Tuesday, October 19, 2004

Kinda like the Michael Moore of the music world.

  • Petra Haden & Bill Frisell "I Believe (When I Fall in Love It Will Be Forever)" (Stevie Wonder cover)
    I've been meaning to post some Petra since Fluxblog posted about her unreleased acappella version of The Who Sell Out. (!!!) I had a brief obsession with that dog. in my early twenties and loved me some Rentals shortly thereafter. I love that sweet-voiced girl twee crap. You know, songs that remind you of breaking up with your teenage boyfriend at summer camp and then going out with your best friend to wallow in self pity over a chocolate sundae? Or songs whose lyrical basis is seeing a cute guy at a show? That kinda shit.

    I'm not sure if Petra's jazz connections (her dad's Charlie Haden, you know) were at all involved in the Frisell collaboration, and quite sadly, I'm too lazy even to do a quick Google search to find out, so look into that on your own if you want to know. Heh. Sorry.

    Anyhow, their Petra Haden & Bill Frisell album is available as a Canadian import and is chock-full of sweet little covers of very diverse songs like the Foo Fighters' "Floaty," Tom Waits' "I Don't Wanna Grow Up," Coldplay's "Yellow" and songwriter Henry Mancini's "Moon River," among others. Check it out.

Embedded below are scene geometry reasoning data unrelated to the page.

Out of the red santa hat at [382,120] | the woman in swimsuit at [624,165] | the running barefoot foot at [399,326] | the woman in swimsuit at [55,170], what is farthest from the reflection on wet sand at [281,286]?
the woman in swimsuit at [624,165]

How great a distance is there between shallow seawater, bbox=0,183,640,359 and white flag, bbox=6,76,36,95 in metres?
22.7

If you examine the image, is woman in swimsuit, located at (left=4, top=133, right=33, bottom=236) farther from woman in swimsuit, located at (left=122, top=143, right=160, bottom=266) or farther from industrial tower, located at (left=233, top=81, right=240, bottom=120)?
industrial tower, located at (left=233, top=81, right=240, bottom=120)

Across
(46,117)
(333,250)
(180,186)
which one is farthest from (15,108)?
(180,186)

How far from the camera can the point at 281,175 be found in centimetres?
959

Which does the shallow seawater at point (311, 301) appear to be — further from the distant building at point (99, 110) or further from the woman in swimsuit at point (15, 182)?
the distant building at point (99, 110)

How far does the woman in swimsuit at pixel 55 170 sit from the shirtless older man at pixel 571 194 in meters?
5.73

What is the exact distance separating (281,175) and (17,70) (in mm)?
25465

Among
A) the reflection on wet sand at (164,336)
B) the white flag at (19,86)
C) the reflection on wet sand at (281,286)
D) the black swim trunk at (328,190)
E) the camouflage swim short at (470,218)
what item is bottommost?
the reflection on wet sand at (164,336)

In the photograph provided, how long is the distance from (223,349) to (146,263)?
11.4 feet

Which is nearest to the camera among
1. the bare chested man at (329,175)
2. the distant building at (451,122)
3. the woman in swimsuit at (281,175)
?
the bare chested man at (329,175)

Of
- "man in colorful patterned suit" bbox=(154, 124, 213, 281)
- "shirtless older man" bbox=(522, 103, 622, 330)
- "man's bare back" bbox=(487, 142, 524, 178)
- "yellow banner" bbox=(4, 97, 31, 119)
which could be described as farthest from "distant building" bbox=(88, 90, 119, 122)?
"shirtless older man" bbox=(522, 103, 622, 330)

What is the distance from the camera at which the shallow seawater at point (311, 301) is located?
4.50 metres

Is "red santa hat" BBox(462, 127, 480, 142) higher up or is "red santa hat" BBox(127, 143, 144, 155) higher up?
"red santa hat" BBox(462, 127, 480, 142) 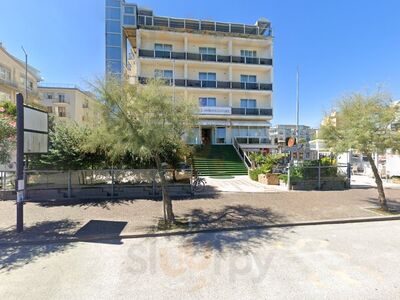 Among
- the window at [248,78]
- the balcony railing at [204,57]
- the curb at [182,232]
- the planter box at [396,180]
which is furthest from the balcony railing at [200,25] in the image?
the curb at [182,232]

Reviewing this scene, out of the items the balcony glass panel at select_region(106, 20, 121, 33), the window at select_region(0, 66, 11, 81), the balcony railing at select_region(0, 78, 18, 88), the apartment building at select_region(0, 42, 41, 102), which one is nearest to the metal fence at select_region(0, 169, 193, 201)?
the apartment building at select_region(0, 42, 41, 102)

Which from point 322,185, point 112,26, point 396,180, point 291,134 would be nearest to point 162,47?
point 112,26

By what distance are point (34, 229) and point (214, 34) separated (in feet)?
82.6

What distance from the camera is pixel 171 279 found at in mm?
3922

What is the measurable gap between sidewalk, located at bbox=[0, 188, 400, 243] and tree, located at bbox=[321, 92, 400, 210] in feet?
7.20

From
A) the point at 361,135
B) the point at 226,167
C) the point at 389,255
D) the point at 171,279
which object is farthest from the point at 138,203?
the point at 226,167

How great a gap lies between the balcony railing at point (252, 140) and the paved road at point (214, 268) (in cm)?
1949

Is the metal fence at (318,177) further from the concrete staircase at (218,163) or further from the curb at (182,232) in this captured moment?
the concrete staircase at (218,163)

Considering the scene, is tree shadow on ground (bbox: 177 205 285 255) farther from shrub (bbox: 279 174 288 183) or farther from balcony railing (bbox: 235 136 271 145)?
balcony railing (bbox: 235 136 271 145)

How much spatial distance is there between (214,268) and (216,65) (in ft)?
79.7

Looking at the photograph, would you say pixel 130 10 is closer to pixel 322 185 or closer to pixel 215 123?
pixel 215 123

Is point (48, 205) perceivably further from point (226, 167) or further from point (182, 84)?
point (182, 84)

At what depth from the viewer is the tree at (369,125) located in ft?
25.5

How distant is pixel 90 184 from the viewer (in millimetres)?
10367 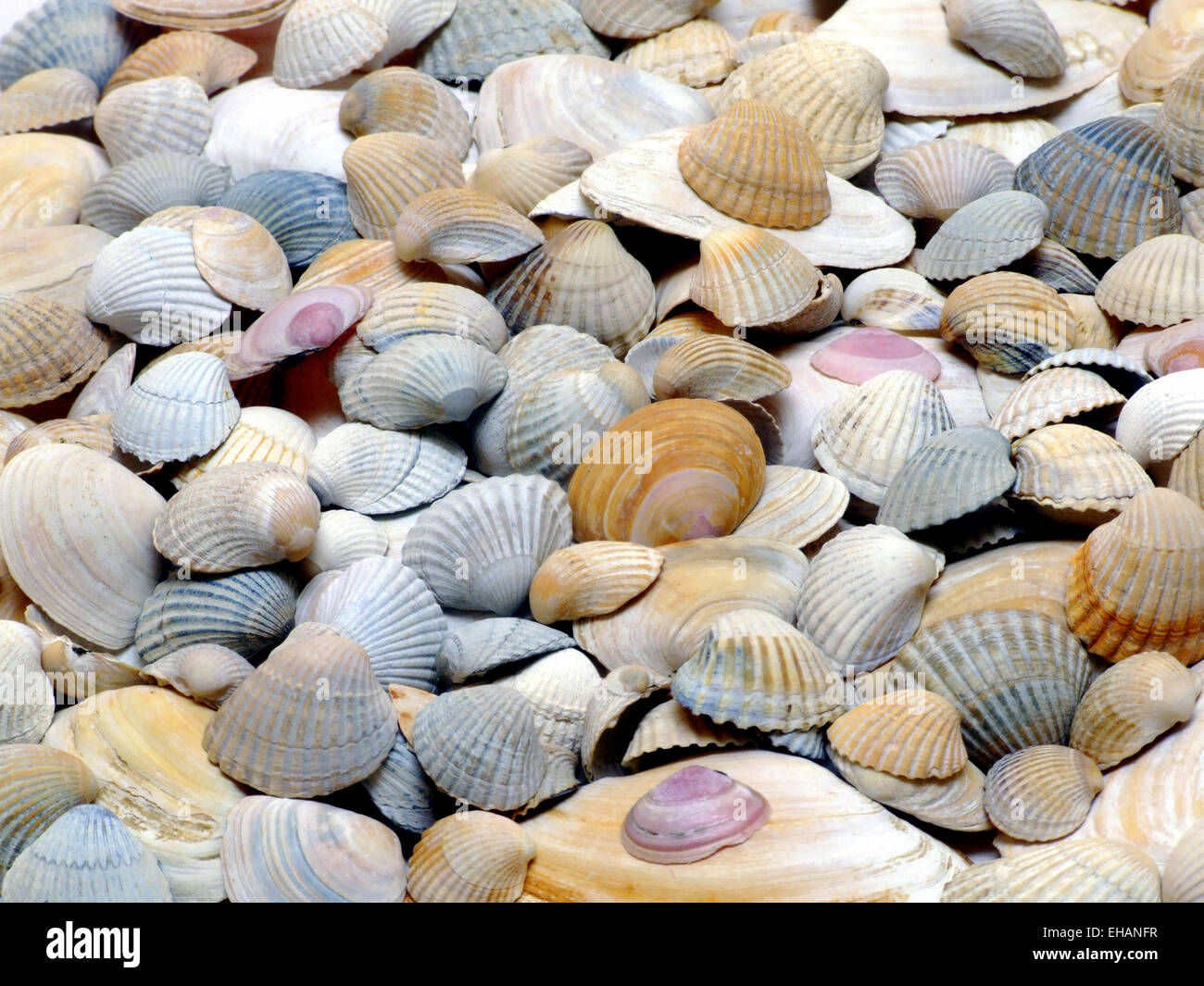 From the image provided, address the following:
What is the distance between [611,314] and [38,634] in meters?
1.02

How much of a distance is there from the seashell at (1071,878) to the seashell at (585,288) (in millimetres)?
1096

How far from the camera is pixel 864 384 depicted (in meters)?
1.90

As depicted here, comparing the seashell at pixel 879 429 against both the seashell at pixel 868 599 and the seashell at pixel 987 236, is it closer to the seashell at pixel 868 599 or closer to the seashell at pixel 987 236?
the seashell at pixel 868 599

    Oh, and this Stevie Wonder song, while very pretty and uplifting, always reminds me of working music retail when the soundtrack to High Fidelity was released and hearing it constantly and wondering why everyone seemed to love that movie (or book, even) so damned much. And that it was filmed in Chicago only annoyed me more. I swear to God, I was walking in Wicker Park one day last year and overheard some yuppie girl excitedly tell her out-of-town friend, "High Fidelity was filmed right around here. You could be walking where JOHN CUSACK WALKED!!!" and go on to giggle maniacally as I looked on, cynically nonplused.

  • Marianne Faithfull "What Have They Done to the Rain?" (Malvina Reynolds cover)
    This folk staple has been covered by Joan Baez and Melanie and The Searchers and The Seekers (Searches and Seekers? '60s folk combos were really hunting for truth and solutions to the world's ills, weren't they?) and probably many others. Most importantly to me, though, is that the Lili Taylor character in Dogfight sings a very tentative rendition to the lovable asshole as played by River Phoenix, thus inspiring me to hunt out every version I could find, original or otherwise. And because I caught a Marianne Faithfull concert last night on Trio, it's her version I chose to share with you today. And, yes, almost all of my decisions are based on things I see on TV.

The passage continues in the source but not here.